Highlights & Insights¶
- Theory-Driven Framework: Establishes a formal definition of transferability from Bellman consistency, tightly coupling theory with algorithm design.
- Hyperparameter-free Adaptive Weighting: \(\alpha(t)\) is determined entirely by error ratios, eliminating manual tuning for practical usability.
- Negative Transfer Guarantee: Ensures performance is at least as good as learning from scratch, a critical feature missing in most CDRL methods.
- "Avatar" Metaphor: Analogy to remote-controlling an engineered body to adapt to an alien environment effectively conveys the algorithmic concept.
Limitations & Future Work¶
- Tabular analysis assumes finite state-action spaces and exploratory initial distributions, creating a gap with continuous control reality.
- The training quality of the normalizing flow mapping directly affects the accuracy of Bellman error estimation.
- Source models were pre-trained with SAC; robustness to other algorithms (e.g., PPO) remains unverified.
- Scalability to high-dimensional complex tasks (e.g., dexterous manipulation) requires further validation.
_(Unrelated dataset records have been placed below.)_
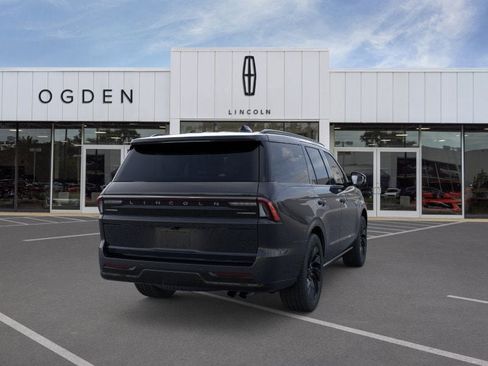 New 2026 Lincoln Navigator Reserve w/ Jet Appearance Package AWD/4WD image 8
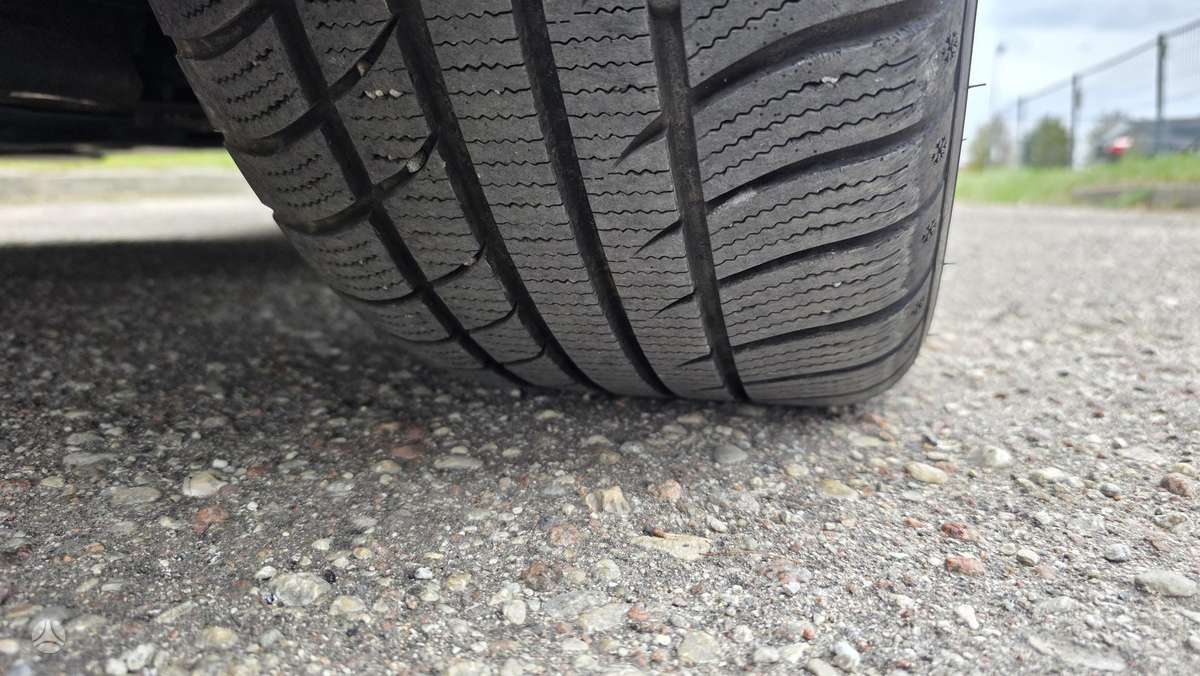 Ford S-MAX 2012 — photo 14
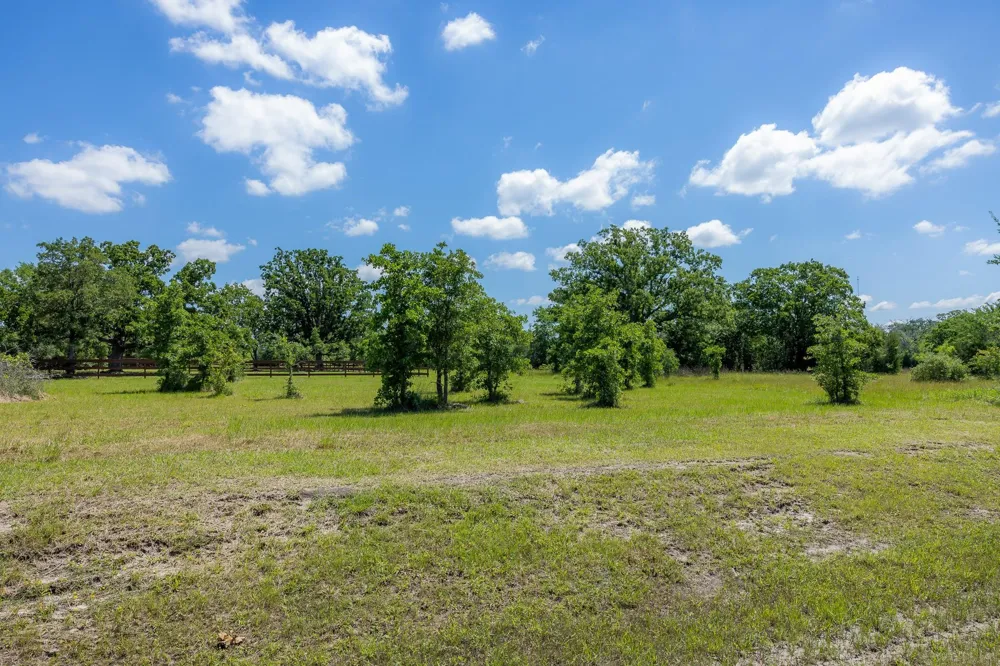 6676 Atakapan Trail Bedias, TX 77831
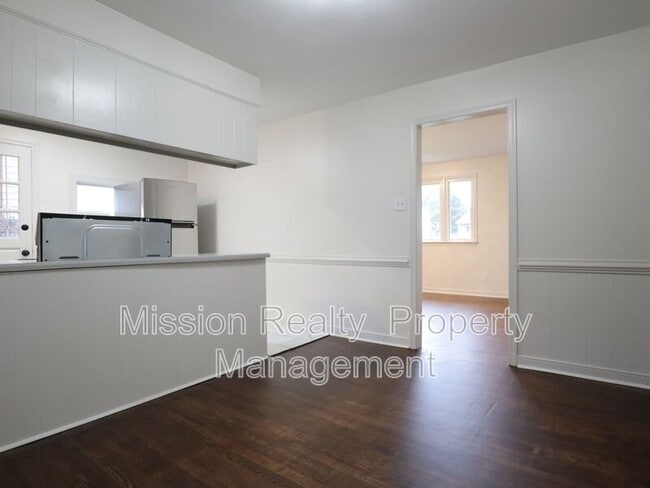 Building Photo - 618 Tarpley Rd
- Currently limited to single-target scenarios (single-to-single or multi-to-single source).
Related Work & Insights¶
- CMD (Gui et al., 2023): Learned inter-domain mapping via dynamic cycle consistency but lacks performance guarantees.
- CAT (You et al., 2022): Uses encoder-decoders for mapping but is limited to parameter-level transfer.
- DARC (Eysenbach et al., 2021): Reward augmentation method, but assumes identical state-action spaces.
- Task Vectors (Wang et al., 2020): Uses dual Q-functions for Q-learning but is restricted to identical spaces.
- Insight: The use of Bellman consistency as a transferability metric could be extended to imitation learning and offline RL.
Rating¶
- Novelty: ⭐⭐⭐⭐
- Experimental Thoroughness: ⭐⭐⭐⭐⭐
- Writing Quality: ⭐⭐⭐⭐
- Value: ⭐⭐⭐⭐⭐